Social scientists have known that religiosity is multidimensional since the 1960s (Glock and Stark, 1966). Since then, there have been numerous measures developed to try to capture individual religiosity, some with just a few dimensions, others with as many as eight dimensions (Hill and Hood, 1999). Various measures of religiosity continue to be used, depending on the context and group of interest (Cragun, Hammer and Nielsen, 2015). While those measures are varied, there seems to be growing agreement among scholars that there are least three core dimensions of religiosity that should be captured when trying to get a comprehensive measure of how religious someone is: belief, behavior, and belonging (Keysar, 2014).

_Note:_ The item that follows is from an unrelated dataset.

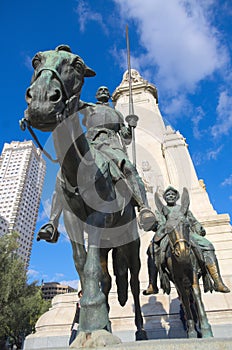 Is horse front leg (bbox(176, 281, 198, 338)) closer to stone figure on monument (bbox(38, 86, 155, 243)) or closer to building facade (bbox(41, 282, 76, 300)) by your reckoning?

We now know that measures of religiosity are typically not also measures of nonreligiosity or secularity (Hall, Meador and Koenig, 2008; Hall, Koenig and Meador, 2009; Hwang, Hammer and Cragun, 2011). Many measures of religiosity capture only how religious people are, ranging from very high levels of religiosity (presumably along the three dimensions just noted) to very low levels of religiosity. This is particularly problematic when researchers try to make comparisons between religious and nonreligious individuals as they may not actually be capturing whether or not someone is nonreligious or if they are affirmatively secular (Galen, 2012; Baker and Smith, 2015). To what extent the problems in measuring nonreligion are intentional or unintentional biases of pro-religious researchers is unclear (Cragun and Hammer, 2011). Additionally, while there have now been some efforts to measure the dimensions of secularity (Schnell, 2015), it’s not entirely clear whether the same dimensions of religiosity (i.e., belief, behavior, and belonging) apply to the nonreligious (Lee, 2014). The answer to the question, “How are people secular or nonreligious?” is still an ongoing concern.